— Останьтесь на местах, — проговорил учитель и вытянул вперед руку, словно собираясь удержать срывающуюся с привязи стихию.

Возможно, что в иное время это и было бы необходимо, но на этот раз все и без того застыли в полной неподвижности; в класс вошел директор, на этот раз в сопровождении… милиционера и какого-то малыша.

— Что такое? Кто это? — пронесся шепот.

Никто ничего не понимал. Только Вечорек мгновенно сполз под парту. У него всегда получалось это виртуозно, как у фокусника. Не раз и не два спасался он таким способом в затруднительных ситуациях. Но сегодня обычная ловкость ему, как видно, изменила — он сдвинул парту, и Алинка резким движением повернула назад голову. Правая ее коса метнулась через плечо, заляпала чернилами парту, потом тетрадь и черными пятнами прошлась по белой блузке.

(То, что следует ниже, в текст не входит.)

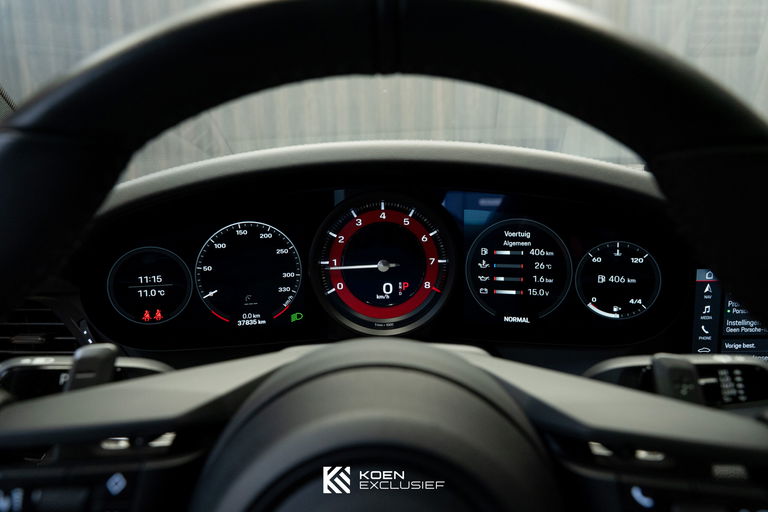 Porsche 992 Carrera 4S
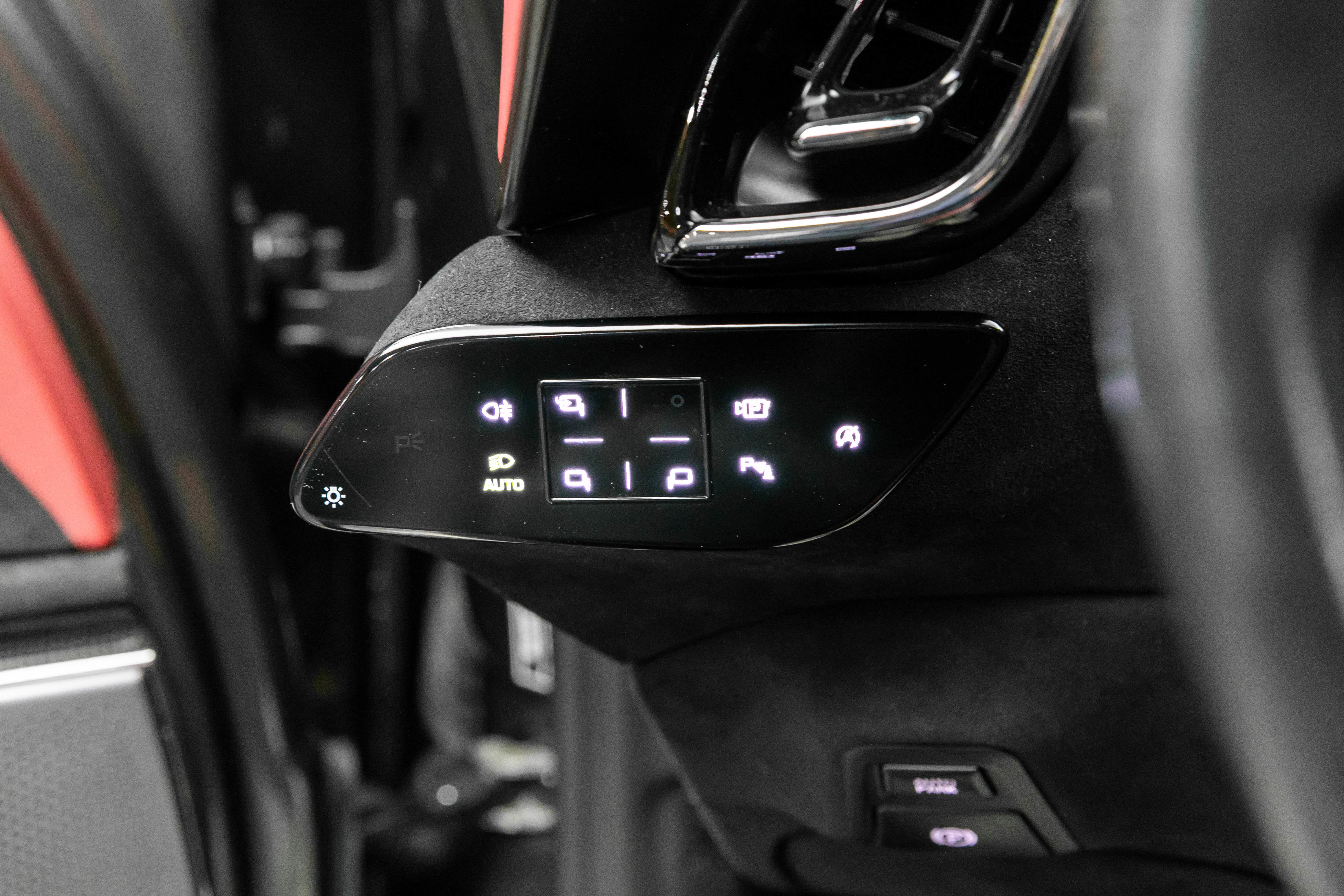 Certified 2022 Ferrari Roma image 26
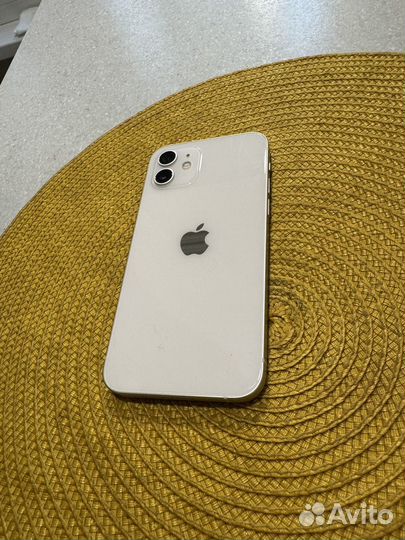 iPhone 12, 64 ГБ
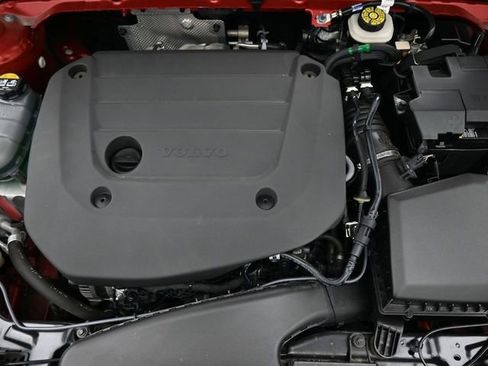 Used 2023 Volvo XC40 B5 Plus w/ Driver Assist Package image 34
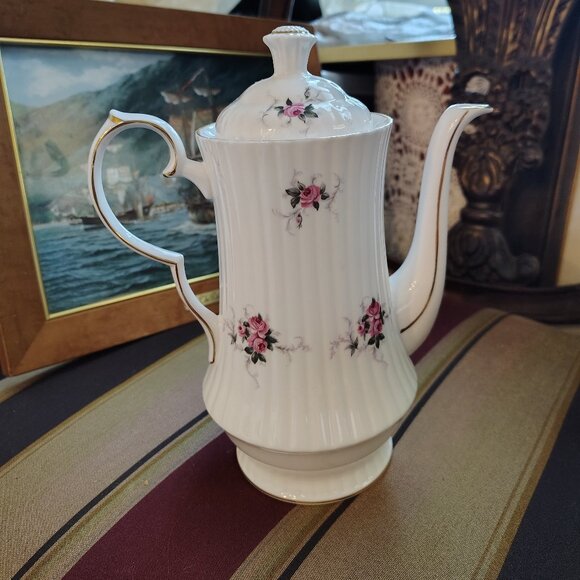 Princess House By Hammersley. Windsor Rose Fine Bone China Tea Pot - Picture 1 of 16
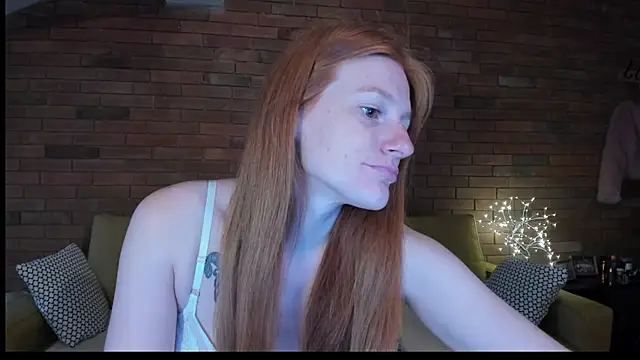 Snapshot of Aliceginger99 chatting on 09-13-25, 04:12 Aliceginger99 online show from 09-13-25, 04:12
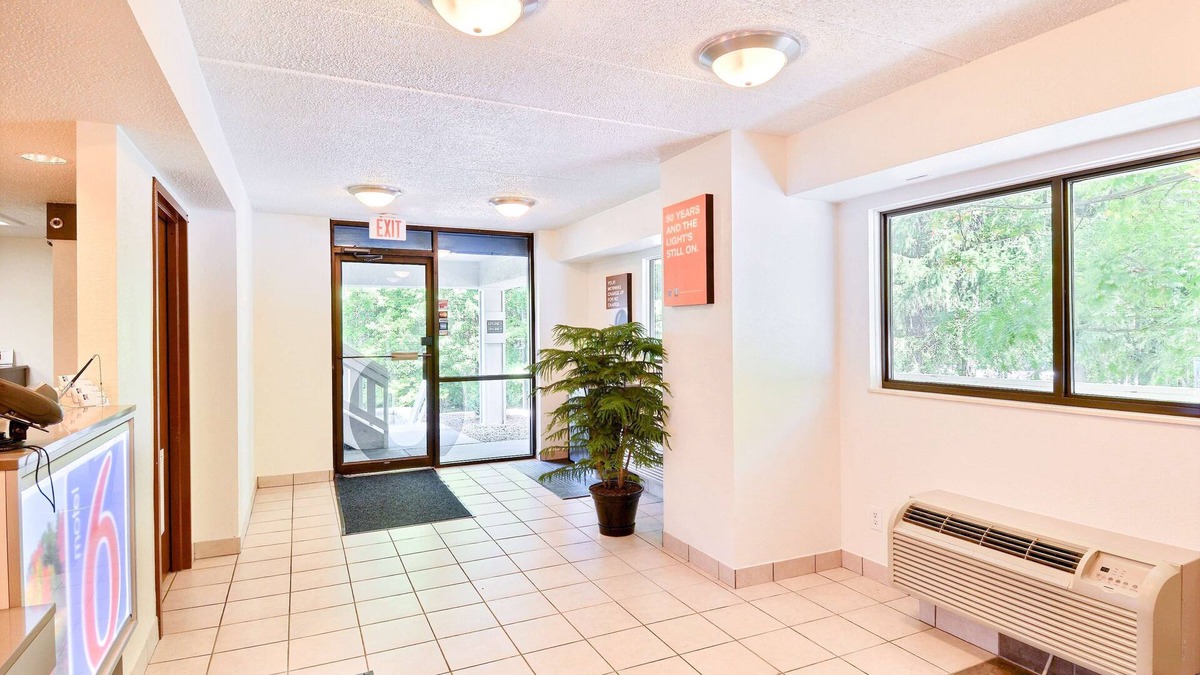 Nashua Hotel | Motel 6 Nashua, NH - South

— Ой! Новая кофта! — вскрикнула Алинка. — Мамочка моя!

Директор был уже тут как тут. Крепкой рукой он вытаскивал из-под парты упирающегося и красного, как свекла, Вечорека.

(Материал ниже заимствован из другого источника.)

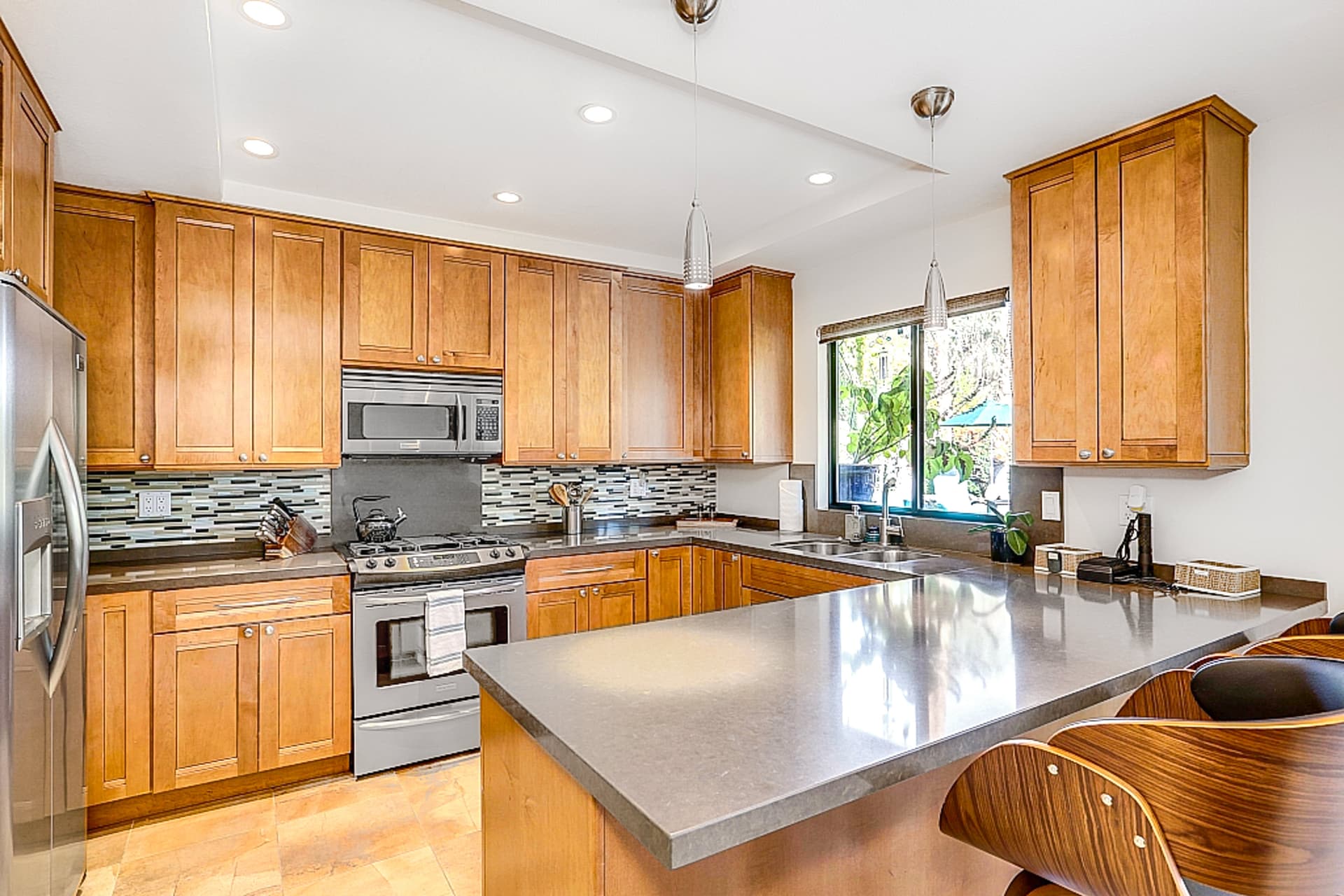 Bev Palm Springs Home - Image 8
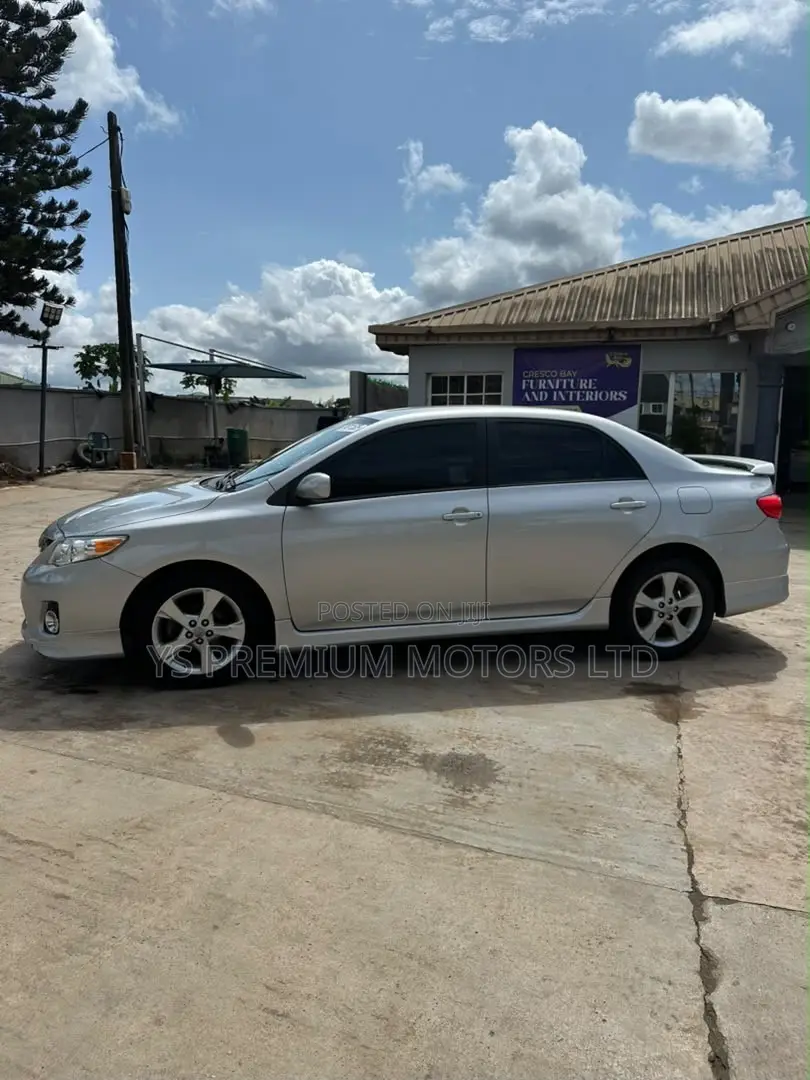 Toyota Corolla S 4dr Sedan (1.8L 4cyl 4A) 2012 Silver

— Это он! Это он вырвал у меня деньги! — закричал вдруг малыш, бросился было в сторону Вечорека, но на полдороге остановился и так же поспешно вернулся на прежнее место, за спину милиционера.

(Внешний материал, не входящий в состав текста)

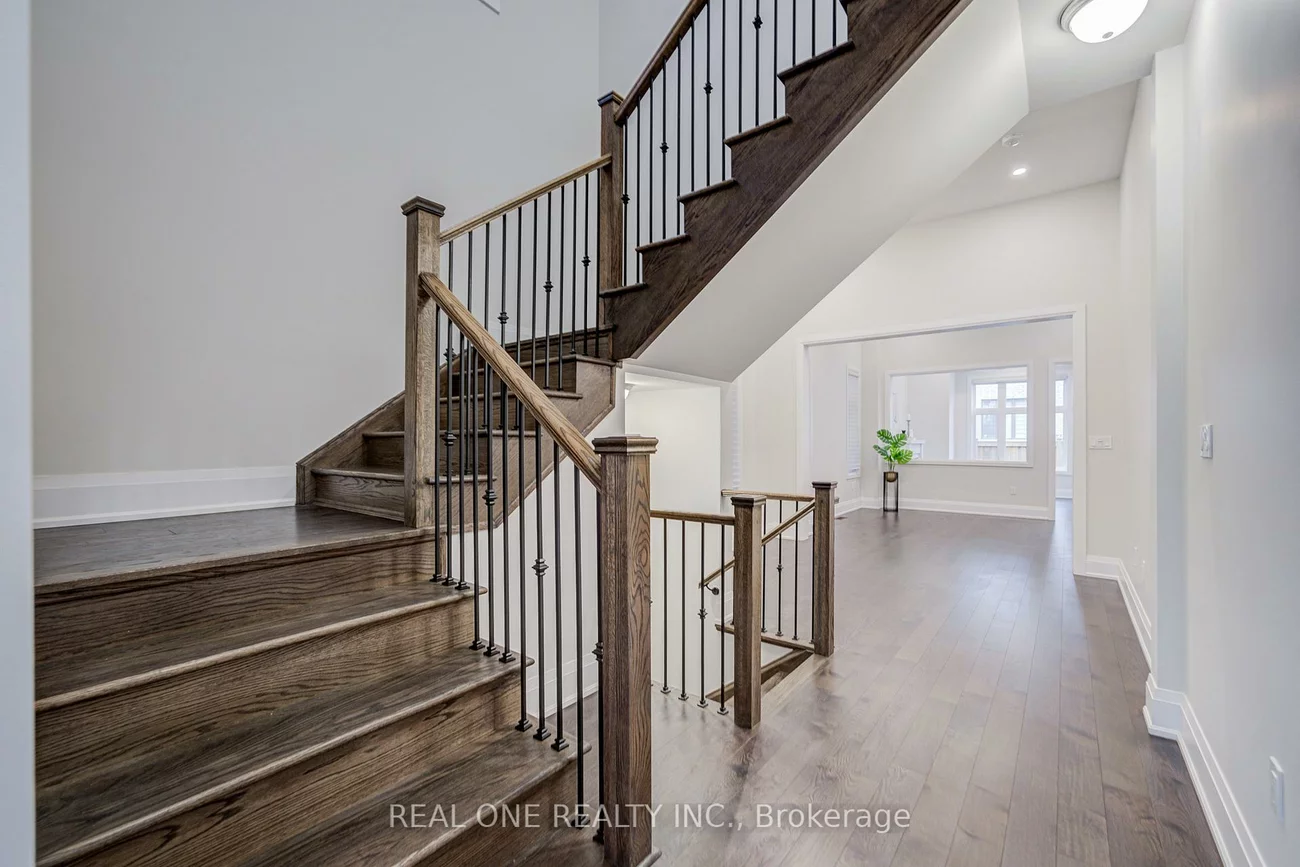 2440, Edward Leaver, 1007 - GA Glen Abbey, Oakville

Директор, придерживая Вечорека за воротник, вывел его на середину класса.

— Присмотрись получше, — обратился он к малышу. — Это действительно он?

— Он, он! Только тогда он был не такой красный.

— Ты! Ты!.. — лопотал Вечорек. — Ты меня видел? Узнал? Приснилось тебе.

— Ничего мне не приснилось! — Малыш еще ближе придвинулся к милиционеру.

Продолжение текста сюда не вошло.